I temi emersi nel dibattito

Oltre ai sei punti prioritari, il dibattito al Salone Auto Torino ha messo in luce alcuni aspetti pratici e immediati che evidenziano le criticità del settore e la necessità di interventi strutturali. FEDERAUTO ha ribadito il ruolo strategico dei concessionari, considerati cerniere fondamentali tra consumatore e industria: la loro funzione non si limita alla vendita, ma include supporto tecnico, consulenza sulla transizione energetica e assistenza nella scelta del veicolo più adatto alle esigenze del cliente. La filiera integrata, che mette insieme produttori, distributori e istituzioni, viene indicata come la chiave per affrontare sfide complesse senza disorientare l’utenza.
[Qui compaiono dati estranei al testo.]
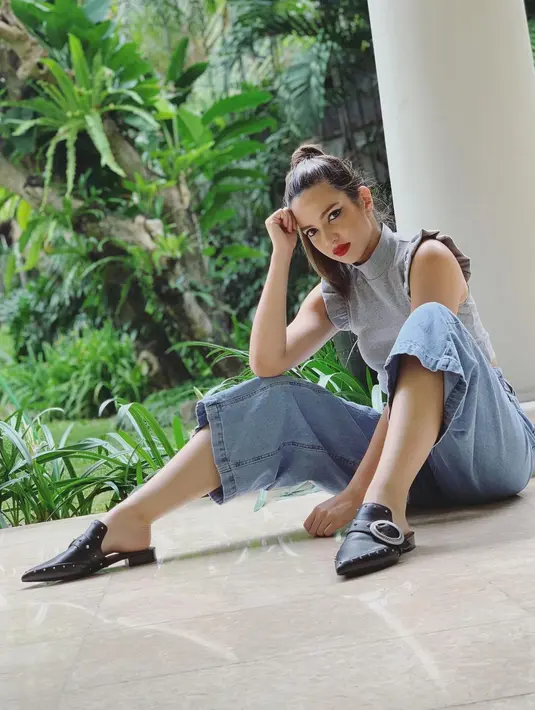 Nia Ramadhani memilih memadukan kulot jeans dengan halter neck berwarna abu-abu berdetail ruffle di bagian lengan. Untuk melengkapi penampilan kasualnya, ia mengenakan mules hitam. Yang mencolok justru terlihat pada makeup dan tatanan rambutnya (instagram/ramadhaniabakrie)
Un tema centrale emerso durante il confronto riguarda l’infrastruttura di ricarica per i veicoli elettrici, oggi al centro di dibattiti e critiche. Secondo i dati aggiornati da Motus-E, l’Italia conta oltre 70.000 punti installati, ma circa il 15% non è ancora attivo. A fronte di circa 300.000 veicoli elettrici circolanti, la copertura appare sufficiente in termini numerici, ma la qualità del servizio e la frammentazione digitale rischiano di rallentare l’adozione su scala nazionale: troppe app, sistemi non interoperabili e colonnine non sempre compatibili rendono l’esperienza dell’utente frammentata e poco affidabile. Gli operatori del settore sottolineano come sia essenziale sviluppare un ecosistema efficiente e integrato, evitando che problemi tecnici o organizzativi frenino la domanda.

Il dibattito ha poi toccato la questione degli incentivi a intermittenza, considerati inefficaci e distorsivi: bonus discontinui generano incertezza sia nei consumatori sia negli operatori, e non favoriscono un mercato stabile. Le associazioni chiedono al Governo una riforma strutturale della fiscalità automobilistica, con misure coerenti e durature, in grado di stimolare realmente il rinnovo del parco circolante, tra i più anziani d’Europa.

L’emergenza del mercato italiano è confermata dai numeri: rispetto al 2019, sono state perse quasi 160.000 immatricolazioni, l’equivalente di un’intera città come La Spezia. Una contrazione che impatta non solo sulle imprese, ma anche sulle entrate fiscali dello Stato e sull’indotto economico più ampio. Per questo, le associazioni sottolineano l’urgenza di una politica di squadra che combini sostegno industriale, infrastrutturale e culturale, evitando di sacrificare competitività e innovazione in un momento cruciale per la transizione energetica e tecnologica del Paese.

Infine, emerge con forza il messaggio unitario del settore: l’automobile resta un motore di cultura, innovazione e crescita economica, e la passione per la mobilità deve continuare a guidare le scelte strategiche, garantendo sia la sicurezza dei cittadini sia la competitività internazionale dell’Italia.